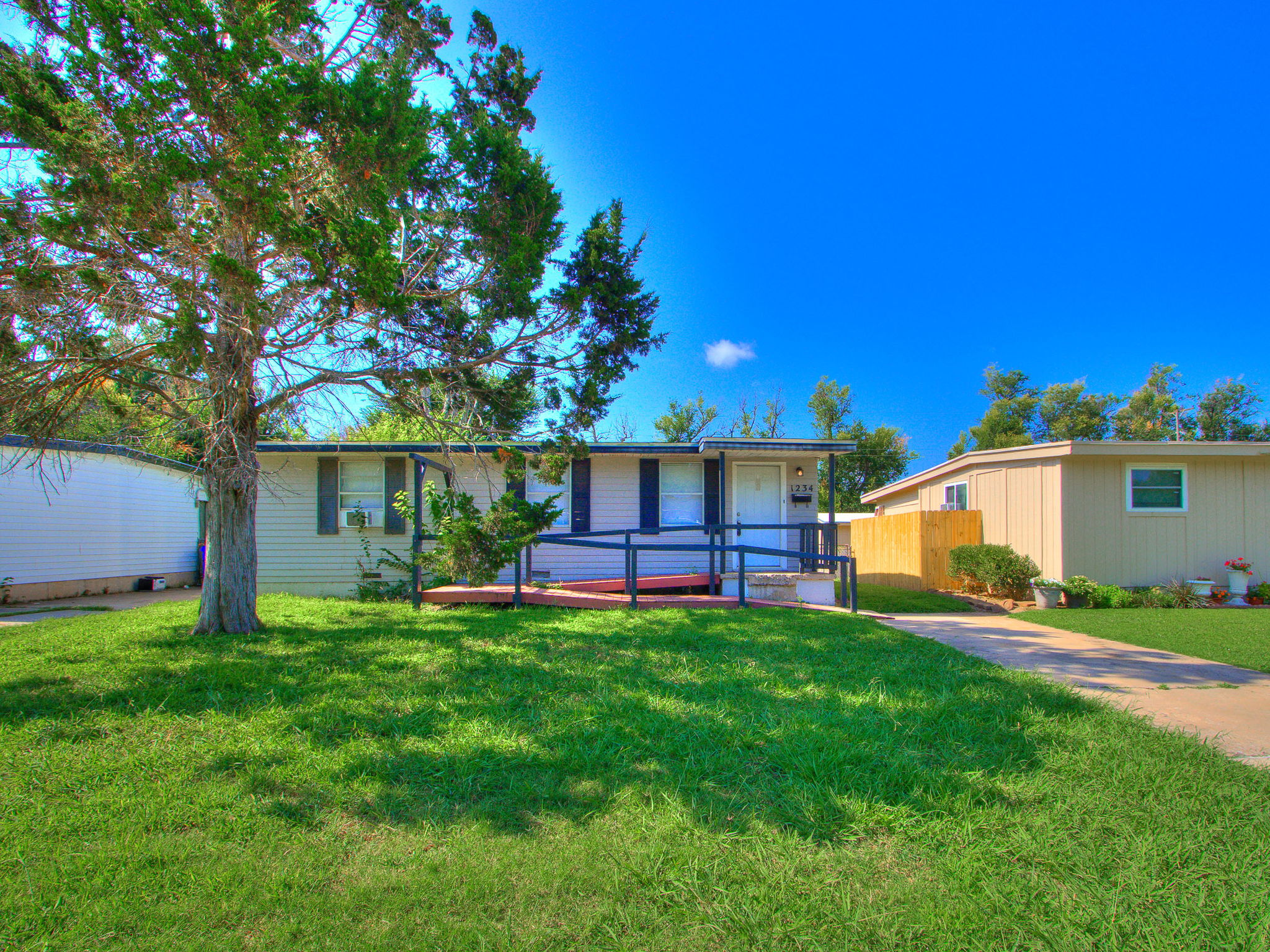1234 Iowa Street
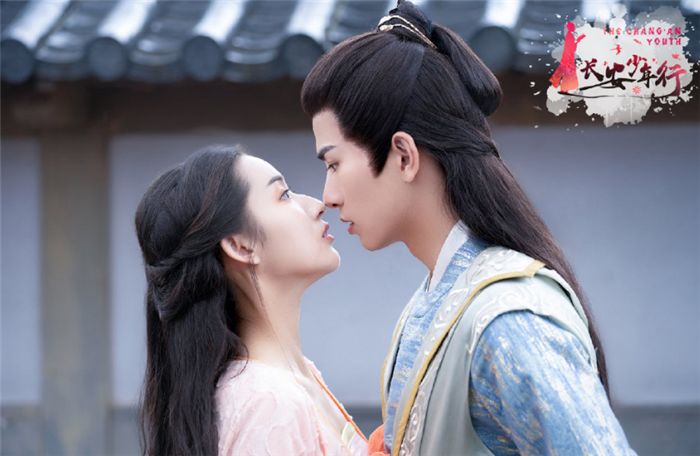 #腾讯#腾讯又一古装剧爆火！仅开播一天播放量破千万，连追8集停不住！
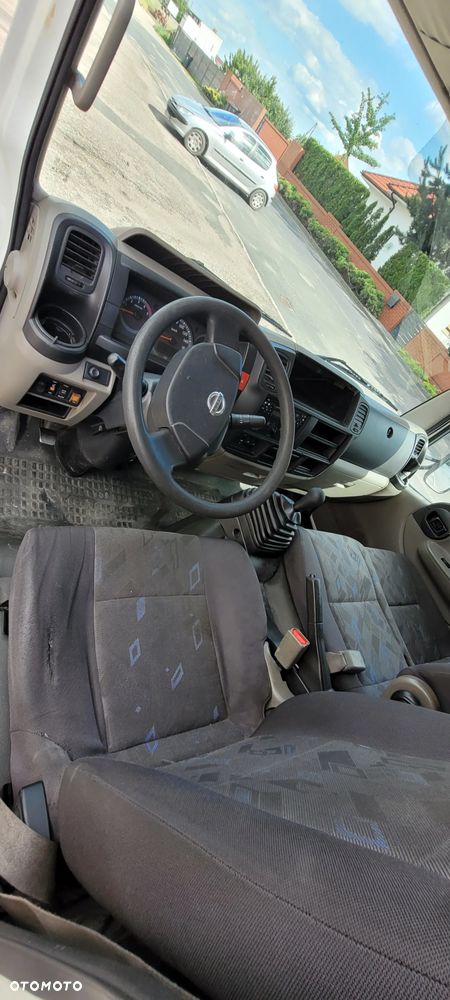 Nissan cabstar - 4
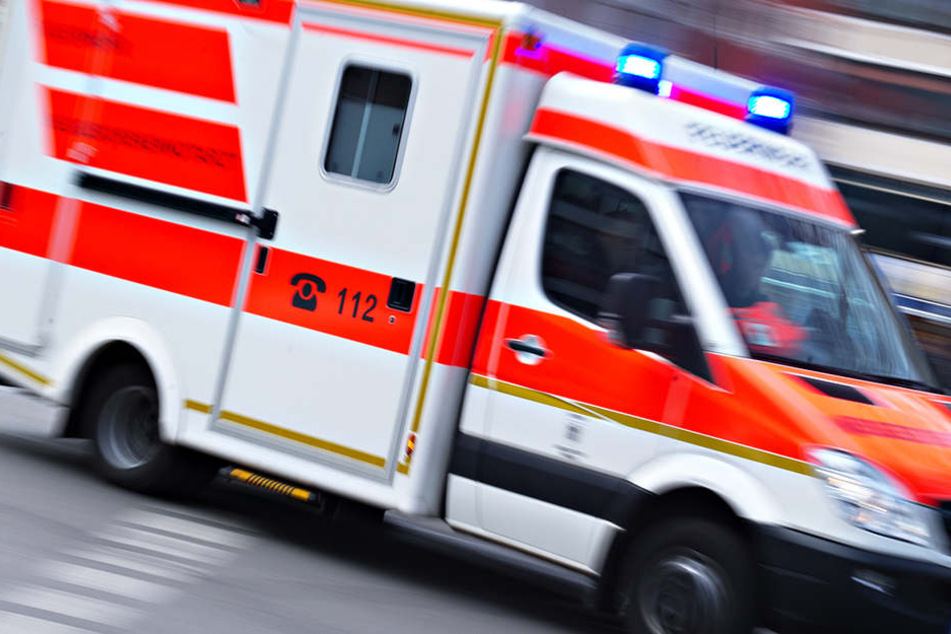 Die junge Autofahrerin starb noch an der Unfallstelle. (Symbolbild).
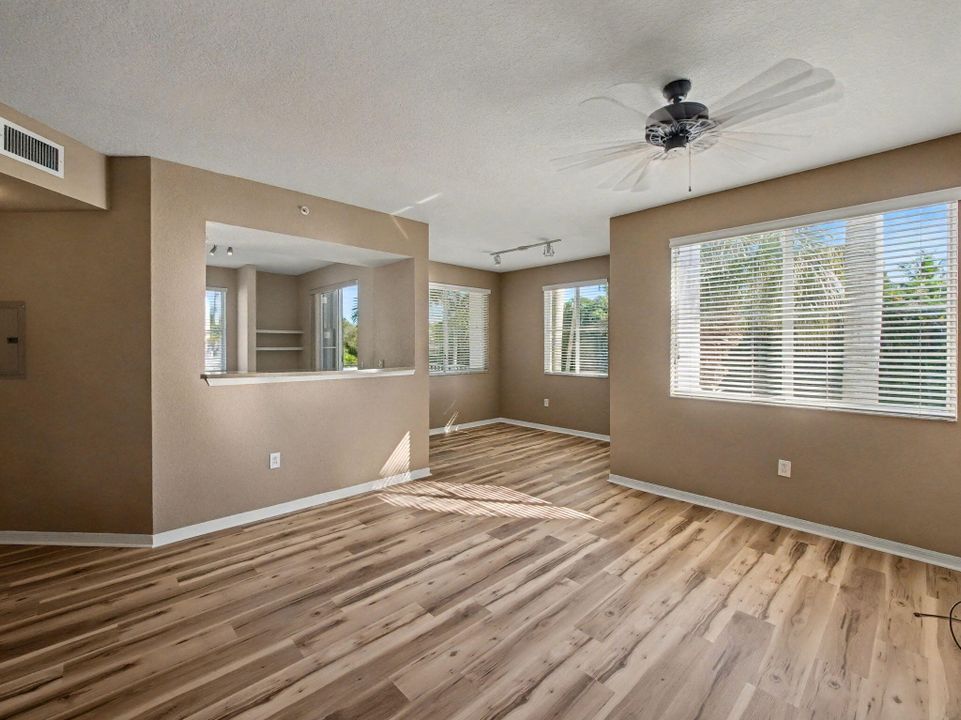 For Sale: $369,000 (2 beds, 2 baths, 1309 Square Feet)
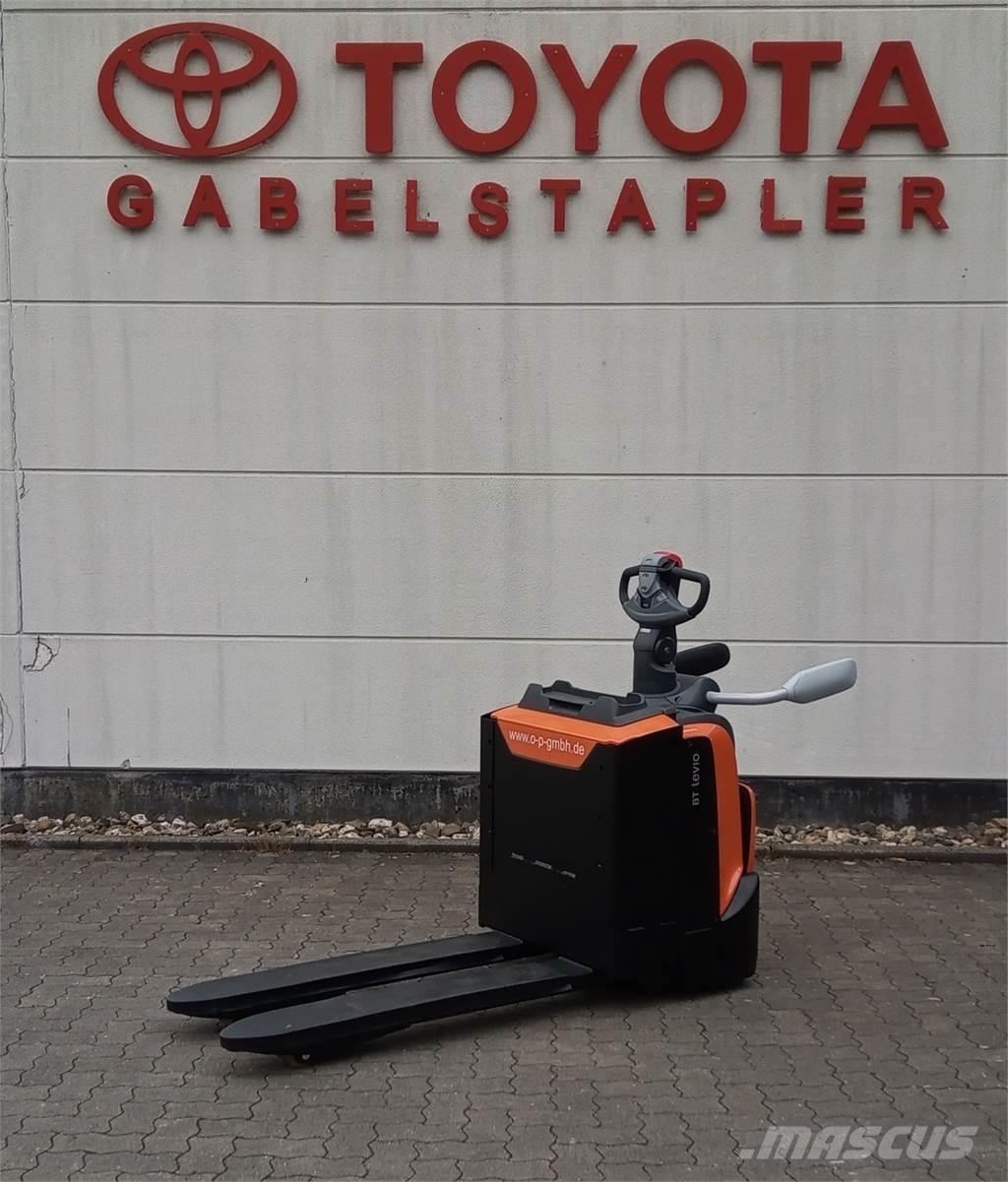 Toyota LPE200 Zemie palešu pacēlāji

────────────────────────────────────────

What you are asked to do:
Please give all of the material again, exactly, without the images.

Solution for this task:
1234 Iowa Street
 #腾讯#腾讯又一古装剧爆火！仅开播一天播放量破千万，连追8集停不住！
 Nissan cabstar - 4
 Die junge Autofahrerin starb noch an der Unfallstelle. (Symbolbild).
 For Sale: $369,000 (2 beds, 2 baths, 1309 Square Feet)
 Toyota LPE200 Zemie palešu pacēlāji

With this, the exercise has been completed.